In Amtsverständnis und Amtsführung mit seiner eigenen Partei in Konflikt geratend, habe er sich nicht an weitreichenden Entscheidungen hindern lassen, von deren Richtigkeit er überzeugt war – etwa daß eine offensive Auseinandersetzung mit der Kriegsschuldfrage und ein offenes Bekenntnis zur deutschen Schuld vonnöten waren oder daß die (milden) Urteile gegen die Mörder von Rosa Luxemburg und Karl Liebknecht nicht zu bestätigen, sondern aufzuheben seien. Hier stieß der Artikel 48 der Weimarer Verfassung jedoch an seine Grenzen. Auch im Februar 1925, kurz vor seinem Tod, als ihm ein Gericht in Magdeburg bescheinigte, Landesverrat begangen zu haben.

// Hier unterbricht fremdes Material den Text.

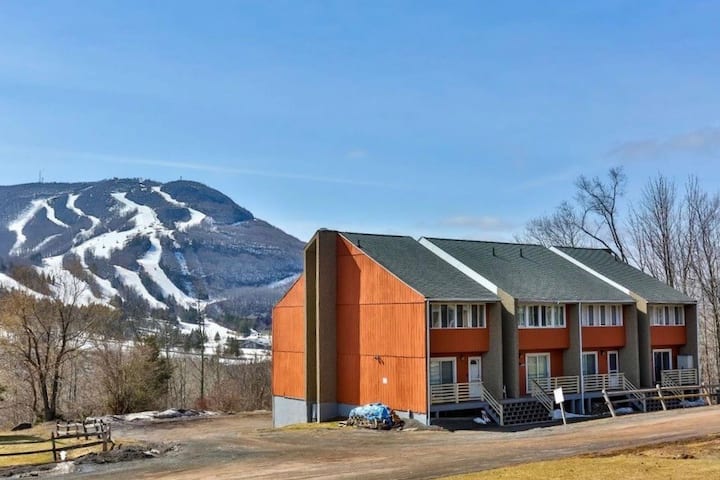 A closer look at Green Penthouse Apartments Hunter Mountain
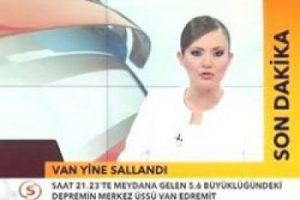 Samanyolu spikerini &ccedil;ıldırtan deprem uzmanı
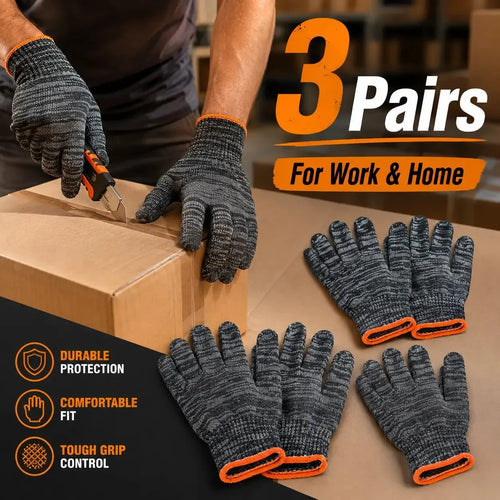 Outdoor Gardening Gloves for Men & Women– Breathable Stretch Work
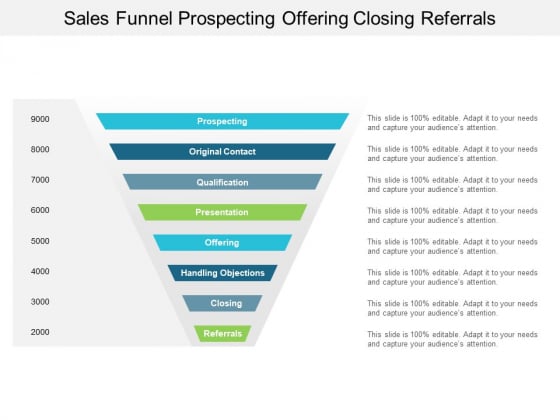 Sales Funnel Prospecting Offering Closing Referrals Ppt PowerPoint Presentation Summary Microsoft Sales Funnel Prospecting Offering Closing Referrals Ppt PowerPoint Presentation Summary Microsoft
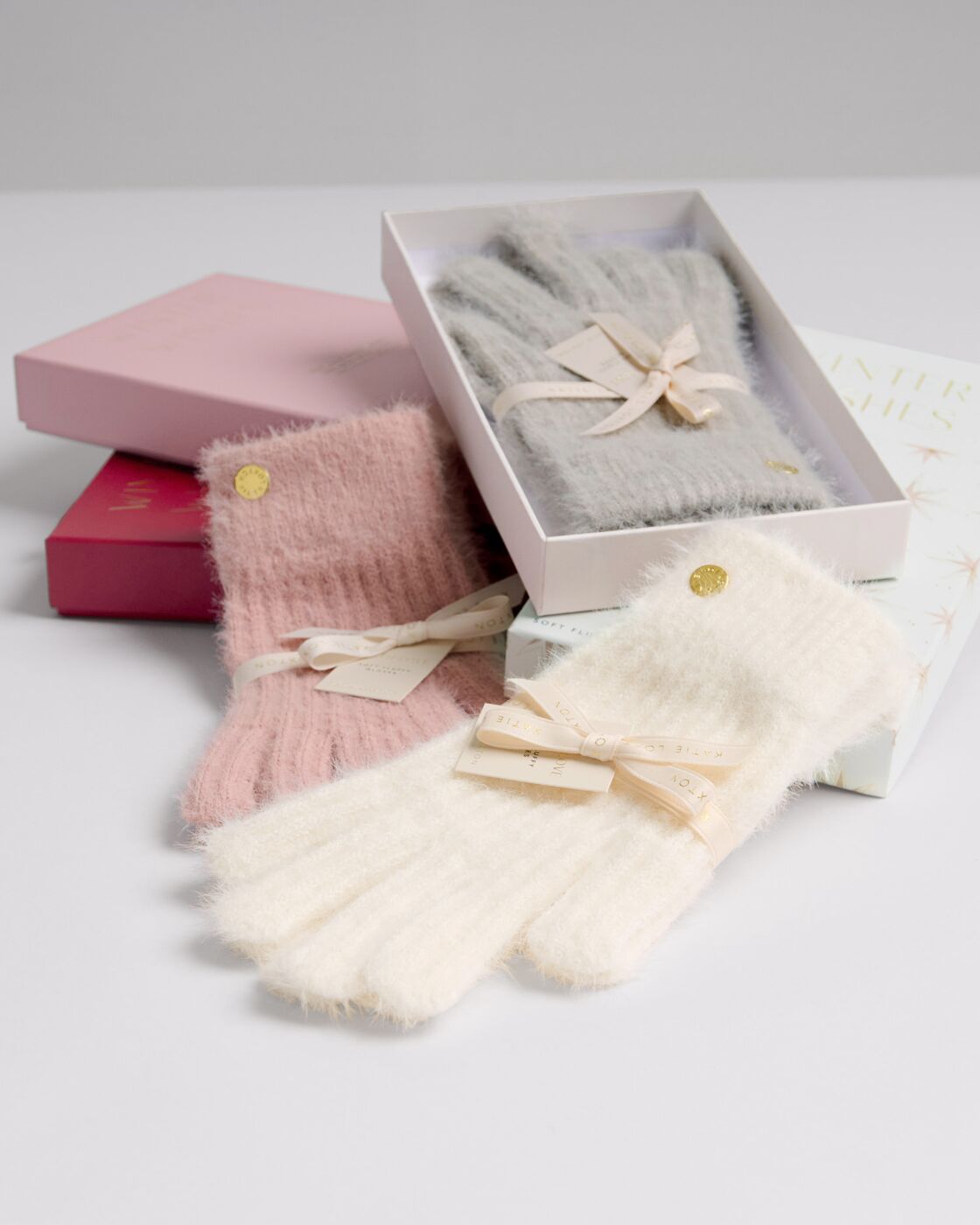 Gift Boxed Soft Knit Gloves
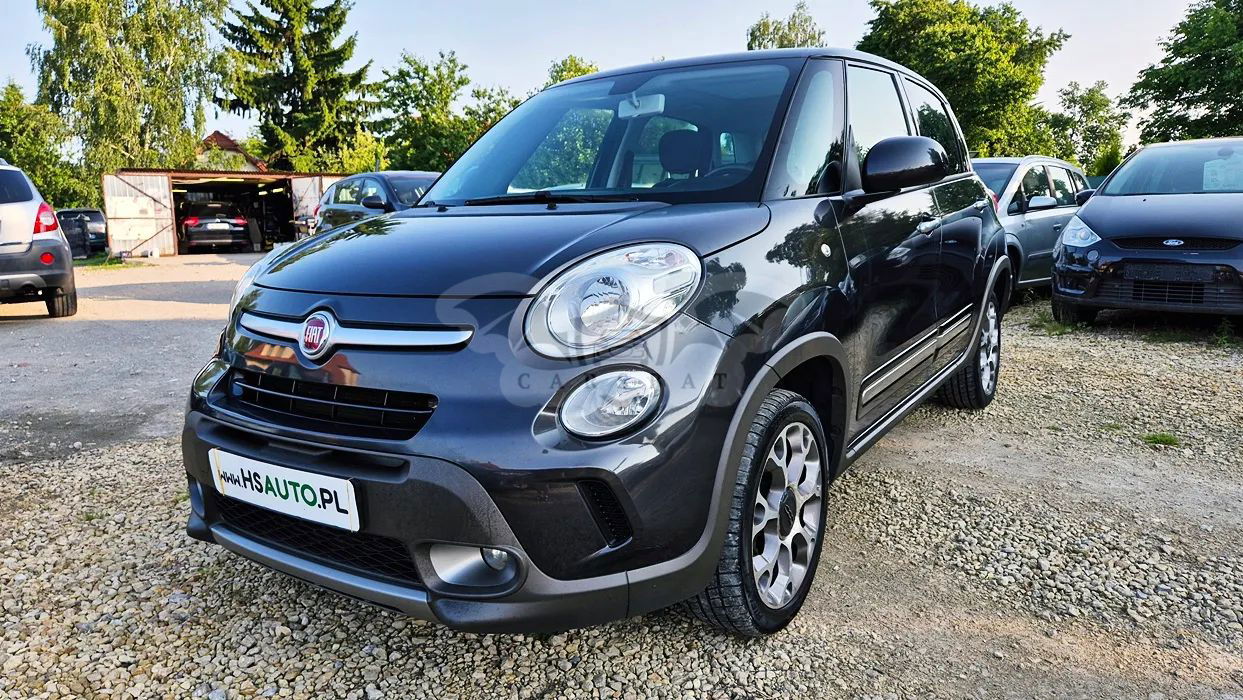 Fiat 500L 1.4 16V T-Jet Trekking 2015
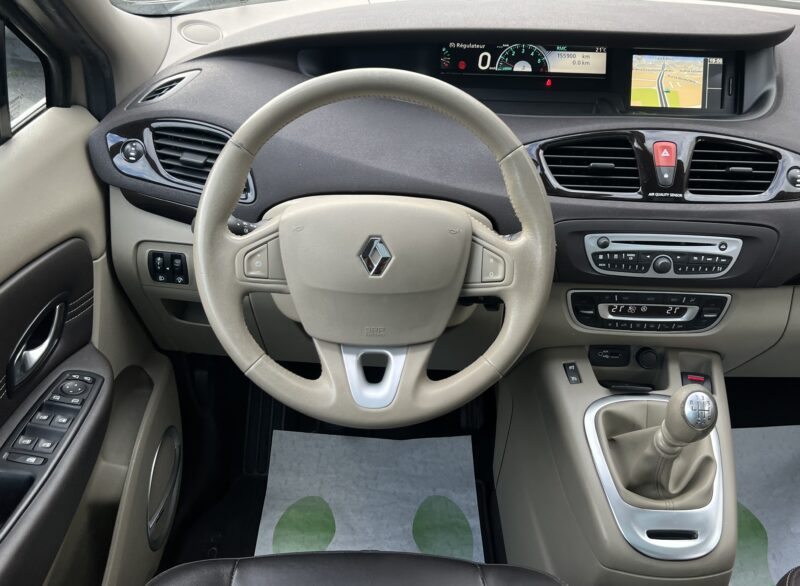 RENAULT SCENIC 3 III JADE 1.9 DCI 130 BOSE TOIT OUVRANT CUIR GPS BLUETOOTH FULL OPTIONS Garantie1an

Ebert selbst verbrannte viele Unterlagen, sein Nachlaß wurde bei einem Bombenangriff auf Berlin im Jahre 1943 vernichtet. Obwohl Mühlhausen daher einen großen Teil von Quellen nicht mehr nutzen konnte, hat er eine umfassende Biographie vorgelegt, die trotz seiner überaus wohlwollenden Beurteilung des ersten Reichspräsidenten einen tiefen und differenzierten Einblick in dessen Denken und Handeln vermittelt, dem sich auch Eberts Gegner nicht verschließen sollten.

Walter Mühlhausen: Friedrich Ebert 1871–1925. Reichspräsident der Weimarer Republik. J.H.W. Dietz Nachf., Bonn 2006, 1064 Seiten, 48 Euro.